Peter Preston in his Observer media column today writes about the BBC’s plans for local on-demand web sites with up to 20 minutes a day of video and the opposition from the regional newspaper giants. “It is,” he says, “a baroque row.” Not sure about the adjective but I see what he is getting at.
He writes of “hyper-local internet video sites which conflict directly with the sites that Johnston and Trinity (among others) are creating as their own escape paths to a digital future”.
That is surely a part of it but it seems to me to be more about preserving the monopolies the big groups have built up over the years by buying daily and weekly newspapers across the land. The comments of David Newell, director of the Newspaper Society, the owner’s union, quoted in Hold the Front Page, bear this out:
The BBC should not spend public money duplicating local news services already provided by existing local media companies. This was acknowledged by the BBC when it withdrew its plans for ultra-local television last year.
The BBC’s 60 local websites already compete head-to-head with regional newspaper websites and its expansion plans, combined with its cross-promotional power, threaten to steal away audiences and undermine the ability of publishers to pursue their own digital development strategies, which are so important to the future of local media in the UK.
Nationally newspapers have competed with the BBC since the start of news on the web. The result is that we have some of the best news websites in the world. A little more competition in the regions would be welcome.
Peter Preston uses the term “hyper-local” while others have used “ultra-local”. The BBC itself uses an unadorned “local” for its plan to set up sites in 60 areas across the UK. They would serve, on average, populations of 1 million each.
The one they are planning for Suffolk, where I live, would be aimed at a population approaching 700,000. It is an area over much of which Archant has a virtual monopoly of print news.

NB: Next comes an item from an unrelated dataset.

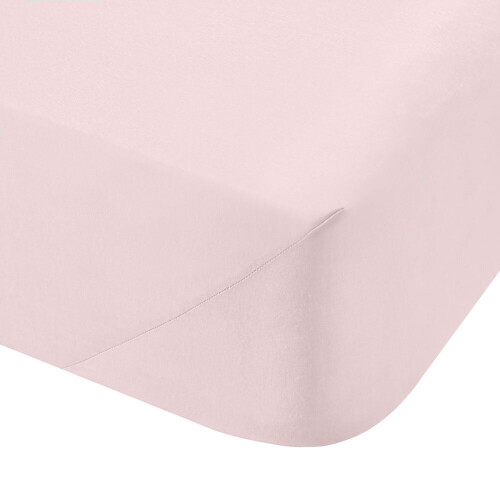 (Blush, Single) Bianca 100% Cotton Percale 200 Thread Count Extra Deep Fitted Sheet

The BBC would aim at an area roughly the same as the circulation area of Archant’s East Anglian Daily Times.
The way the cost of the service is being presented in newspapers is typified by Preston’s phrase: “Ofcom letting the BBC spend £68m of licence fee money.” This is for a period of three years, and spending would reach £23 million in 2011/12. As journalists we play with phrases for emotion power. From my perspective, the sites would cost an average of £350,000 a year, the cost of a modest family home.
It is worth going back to the source material and looking at BBC’s proposal. Done properly, the scheme could help make local independent news websites more viable. Most of the local content would be made available for embedding (with BBC branding) in both commercial and not-for-profit sites to supplement their own coverage. The BBC also says it would link to coverage by other local news providers.
For anyone who is thinking of news sites which are really ultra-local this is promising. But I do feel their proposal to spend about £800,000 a year by 2012/3 on buying video news from external providers is not nearly enough. It works out at little more than an average £13,ooo freelance budget for each site: the price of a modest family car.